[clug] Why virtual x86 machines?

Andrew Donnellan andrew at donnellan.id.au
Fri Aug 21 15:02:47 UTC 2020

On Fri, 21 Aug 2020 at 23:46, Hugh Fisher via linux <linux at lists.samba.org>

> If a machine is idling away happily, so what? Why do we think it
> worthwhile or necessary to reach a level of utilization?
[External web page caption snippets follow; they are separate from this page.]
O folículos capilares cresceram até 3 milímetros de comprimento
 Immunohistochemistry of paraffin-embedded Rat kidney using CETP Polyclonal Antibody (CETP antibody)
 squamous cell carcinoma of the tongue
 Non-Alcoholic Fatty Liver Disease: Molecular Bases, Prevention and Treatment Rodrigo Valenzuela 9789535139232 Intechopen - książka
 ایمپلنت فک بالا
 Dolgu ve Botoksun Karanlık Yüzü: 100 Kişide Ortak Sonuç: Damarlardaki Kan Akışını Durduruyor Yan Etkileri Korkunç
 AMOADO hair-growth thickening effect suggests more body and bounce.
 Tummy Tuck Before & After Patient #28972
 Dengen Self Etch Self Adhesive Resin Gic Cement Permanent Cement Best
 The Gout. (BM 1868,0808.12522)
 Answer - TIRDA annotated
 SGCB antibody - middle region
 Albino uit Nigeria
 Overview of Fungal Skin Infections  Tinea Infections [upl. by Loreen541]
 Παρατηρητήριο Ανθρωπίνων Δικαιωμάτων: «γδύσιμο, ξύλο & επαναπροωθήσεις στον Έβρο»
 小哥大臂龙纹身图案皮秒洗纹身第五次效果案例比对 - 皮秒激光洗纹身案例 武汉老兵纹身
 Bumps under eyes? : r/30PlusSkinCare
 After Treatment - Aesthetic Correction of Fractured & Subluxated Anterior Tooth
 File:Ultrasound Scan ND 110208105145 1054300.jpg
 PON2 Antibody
You correctly identify "monetary reasons". For rather obvious reasons, the
industry does indeed choose to have more money rather than choosing to have
less money.

> The alternative is demonstrated by my phone. Like most people I have a
Ghz CPU with gigabytes of RAM and storage in my pocket. It's idle a
> lot of the time, but I don't feel at all guilty about this because
> these phone computer systems are designed for irregular, varying
> workloads.
> Modern phones, which are mostly running Linux and the rest a variant
> of BSD Unix, can switch into and out of low power mode in fractions of
> a second. The OS can switch on or off individual hardware units within
> each chip. This doesn't stop them from being extremely fast: current
> generation ARM CPUs in phones have single threaded performance
> comparable or better than many Intel CPUs, and multithreaded isn't
> bad.
> I'm really curious as to why similar technology isn't being used in
> data centres. (Or if it is, why we don't hear more about it.)

Every modern high performance CPU has various advanced power management
capabilities, capable of sending various parts of the chip into different
levels of sleep state. The reason you don't hear more about it is that it's
so ubiquitous that it's impossible to buy a CPU that can't do that.

Power management doesn't address the capital cost of hardware, or the
operational limits of rack space, networking equipment, etc etc etc.